When Cory is coming I always ask what he wants to eat, he so not picky and will eat just about anything you put in front of him, just like his Dad. But I like to make whatever he wants when we have him home. Our time with him and Rachel is so special to us that I want him/them to feel special. I don't know...I guess that's just a Mom thing, anyways he requested Mexican food. I was super excited because I love Mexican food so much, but it always seem like a lot of work, read a lot of chopping. I will often skip toppings or skip Mexican food all together. Well not for Sunday night's dinner! The kids and I decided that we would make tostadas with ALL the toppings. When making our grocery list we decided that we needed homemade salsa, lettuce, tomatoes, guacamole, cilantro, cheese, jalapeños, sour cream and pico de gallo in addition to our refried beans and ground beef. We actually started chopping on Saturday to be ready for our big meal on Sunday. Five of the kids helped with making/chopping/preparing ourdinner. Dinner turned out great and I think everyone at least had seconds.

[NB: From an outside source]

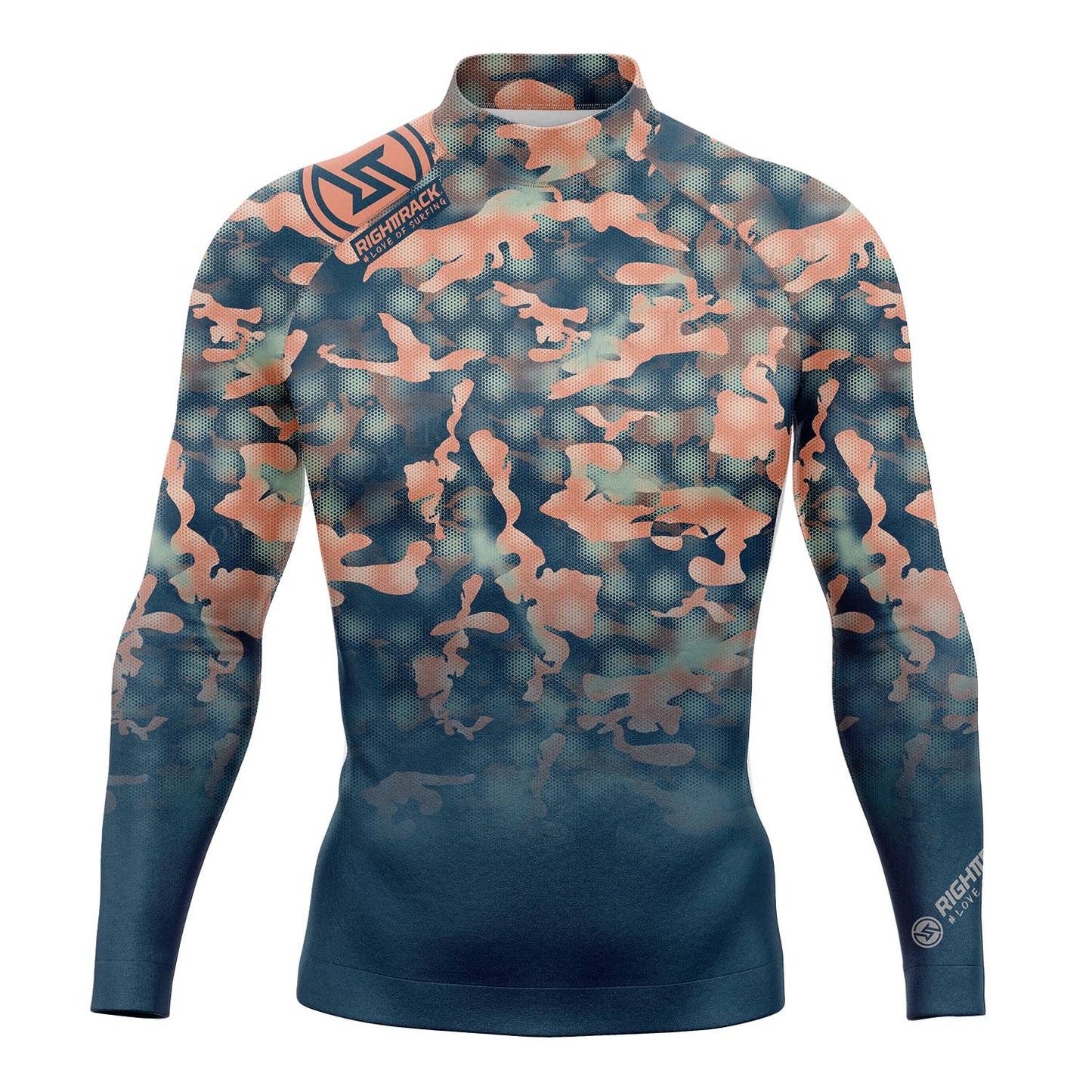 HotSale Men's Surfing Shirt Camouflage Lycra Rashguard RIGHTTRACK For Surf Sportswear Beach UV Swimwear UPF50+ Clothes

Once we were all nice and full from dinner, we had to have sopapilla Cheesecake! This happens to be Jeff's very favorite dessert and Cory may have been taunting him via text about missing it.

When it was all said and done we had a little over 2 hours with these precious people. Instead of focusing on how brief the minutes were, we chose to celebrate the time we did have. Being just months away from leaving the country has helped us be more intentional with our time.